BY TEQUILA MINSKY | “I smile from the minute I come in until the minute I leave,” said Joyce Steinglass, 80.
Steinglass is one among more than 25 weekly participants in Naomi Goldberg Hass’s movement class at the Dapolito Recreation Center, at Varick and Clarkson Sts.
The majority of students come from the Village area, as well as its environs, including the Lower East Side, Tribeca and Chelsea, with some traveling from Brooklyn and the Upper West Side.
The winter session began Jan. 16, and the class runs Wednesdays from 10 a.m. to 11:30 a.m. Classes are open to all ages and are free with a Parks Department Recreation Center membership — just $25 a year for seniors.

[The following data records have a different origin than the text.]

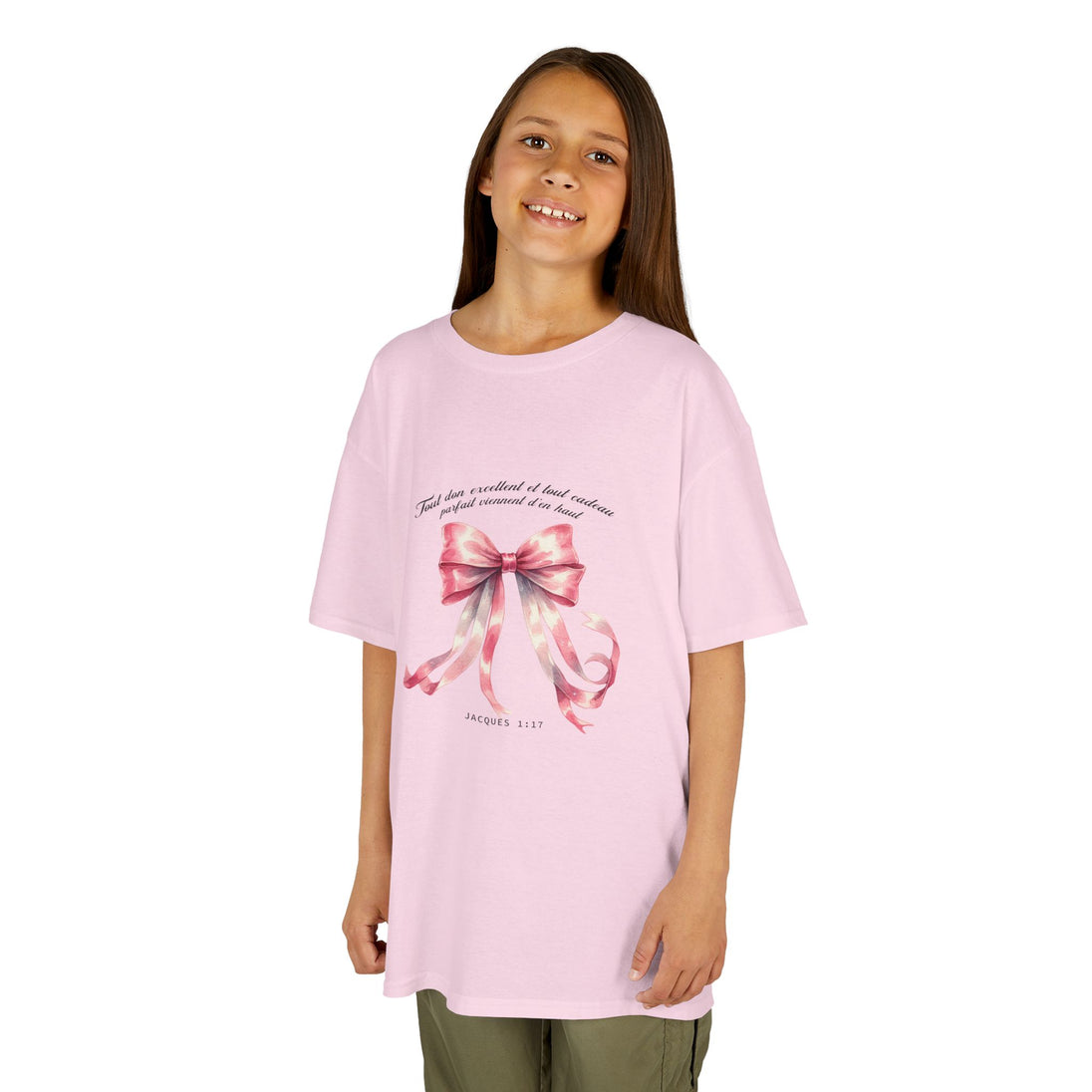 Une enfant porte un t-shirt rose orné d'un ruban aquarelle et du verset Jacques 1:17.
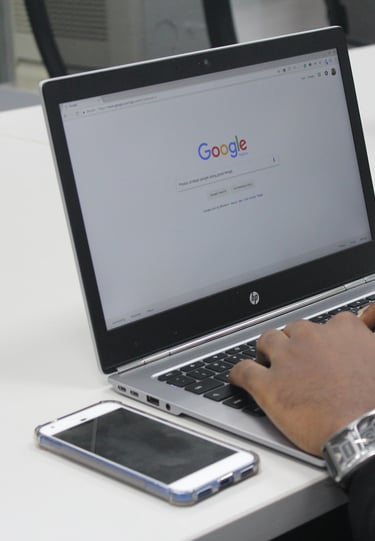 man typing on laptop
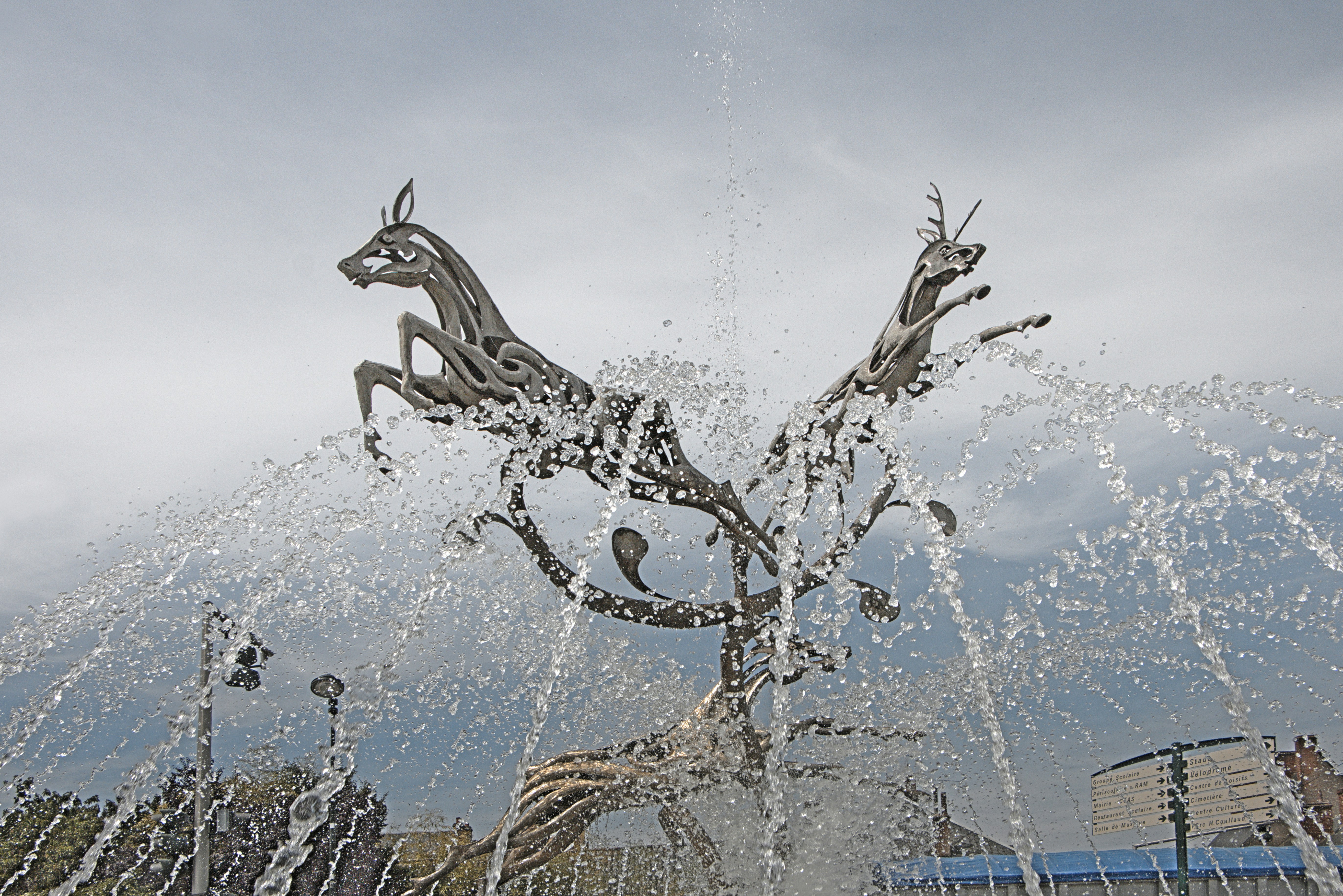 a water fountain with a statue of a horse on top of it
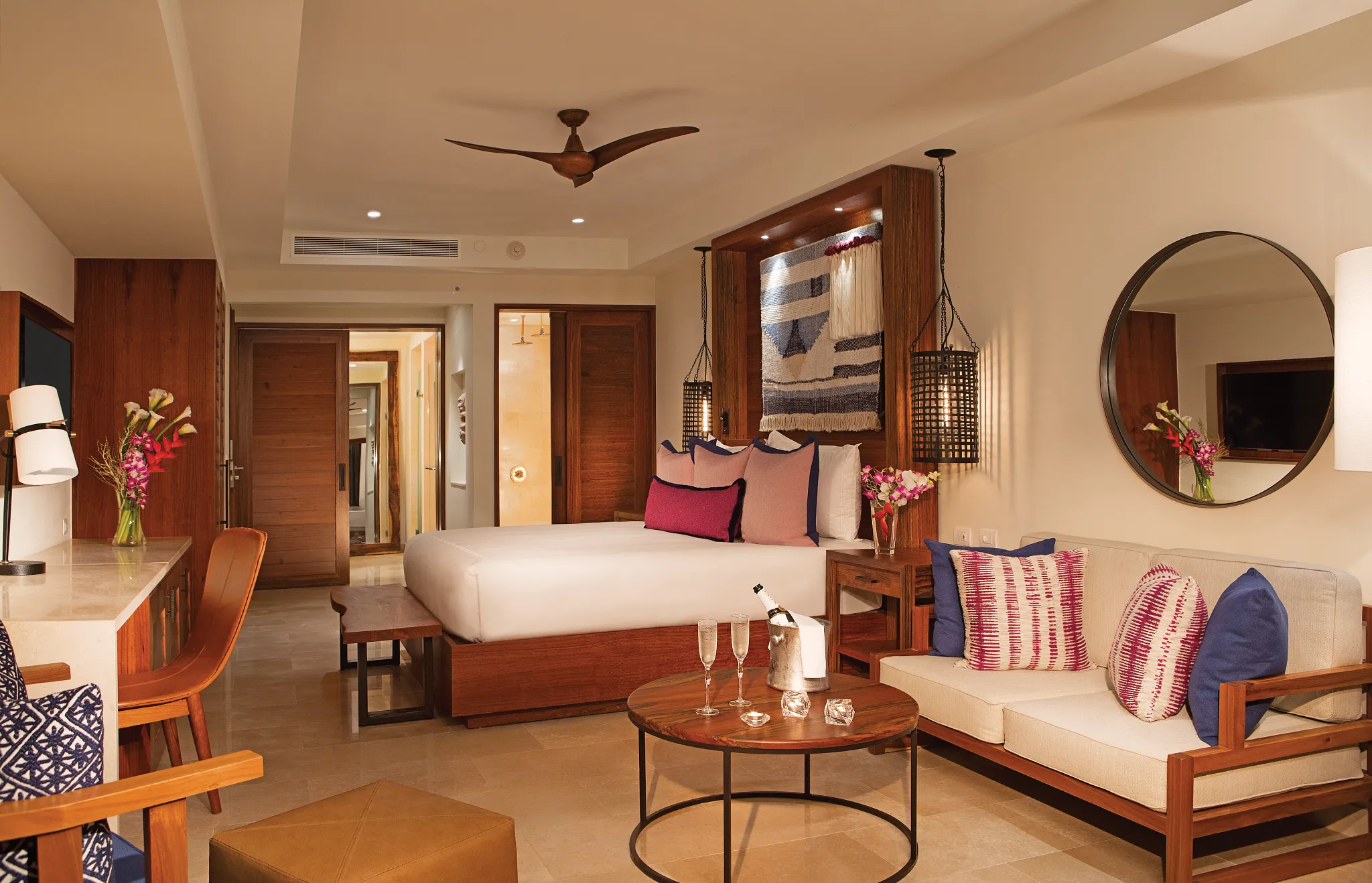 Preferred Club Junior Suite Tropical View with king bed, sitting area, and Caribbean-inspired décor at Secrets Cap Cana Resort & Spa.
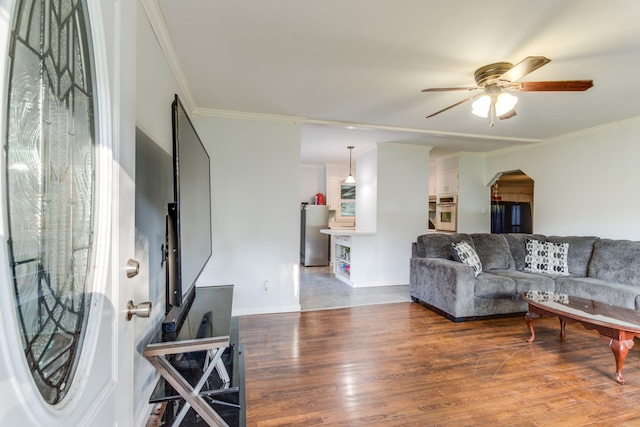 living room with ornamental molding, ceiling fan, and hardwood / wood-style flooring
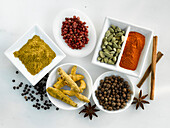 Various spices in small bowls on a light background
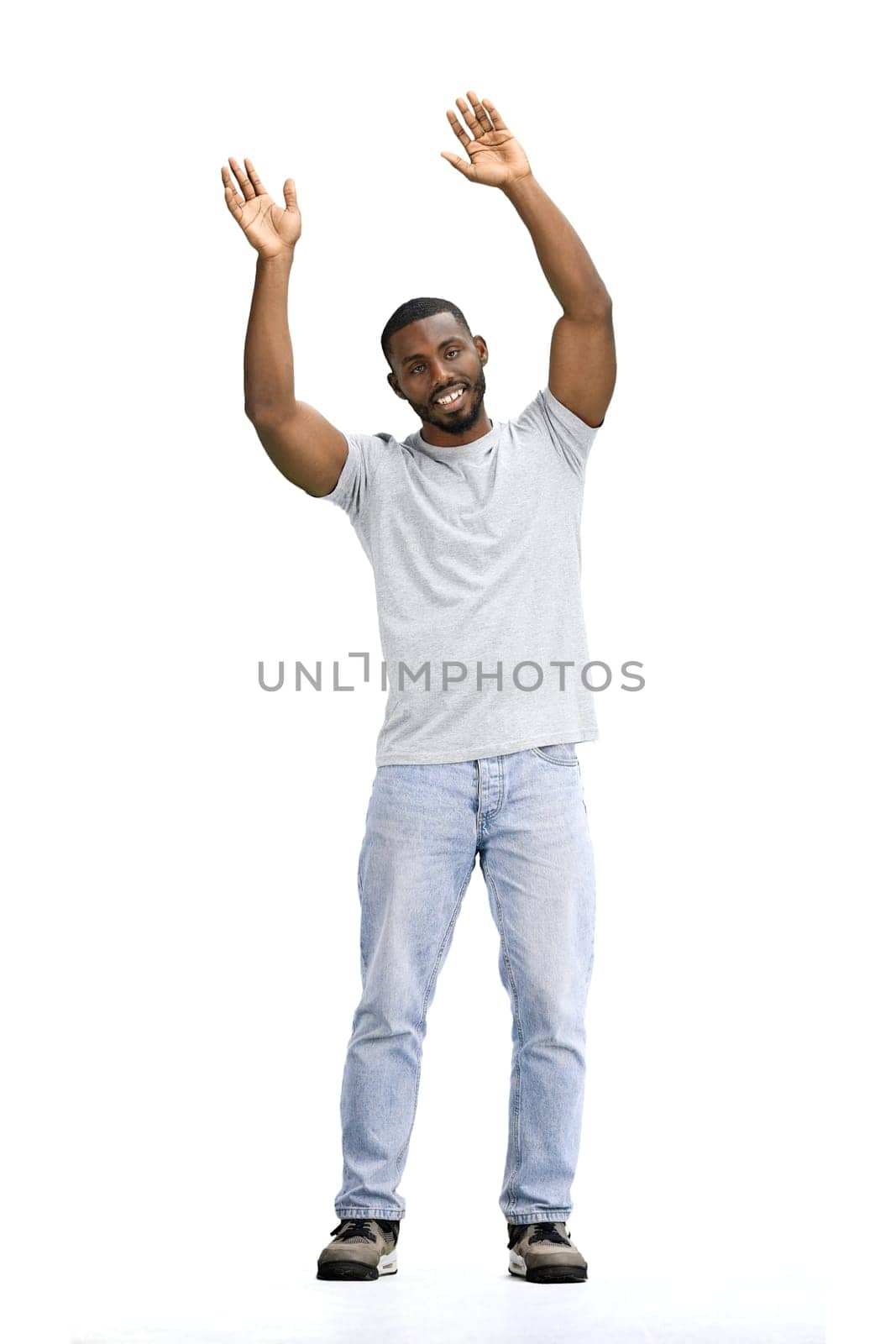 A man, full-length, on a white background, waving his arms.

Haas’s Movement Speaks is a core program for older adults of her Dances For a Variable Population. A classically trained ballet dancer, Haas has been working with older adults for 10 years and explains that she offers a multi-technique method.
The students ring Dapolito’s gym with the walls serving for balance as Haas and her two assistant teachers take the class through a series of exercises.
To stretch, lunge, rotate, twist, bend, roll up, extend, brush and squat become the actions of the morning. Fingers to shoulders and elbows to ankles get a workout.
Her music playlist — disco, big band, rock and roll, rap, blues, classical, some Michael Jackson and Aretha, which she curates with much thought and passion, provides the audio component of rhythm and melodies that make participants just want to move.
Following routines to the varied rhythms, sometimes individually and sometimes in groups, the kaleidoscope of approaches keeps the morning interesting while exercising.
Among her “students” are those with no dance class backgrounds to a few former dancers and some seniors with dance companies, all moving in their own ways that are comfortable. Welcomed newcomers are given added attention through the cycle of exercises.
Movement Speaks’ Web site conveys that the program is based on core values of appreciating one’s own body and moving with other people, with the intention to promote greater mobility, self-confidence, physical awareness, social interaction, expressiveness in movement, and a greater sense of meaning.
The Dapolitto classes get some support from City Council Speaker Corey Johnson’s Office.
“We could get more,” Haas said, hopefully.
Hass also holds one other Downtown class (among the 10 in Manhattan) at 10 a.m. on Tuesdays at 334 Madison St. at the Henry Street Settlement.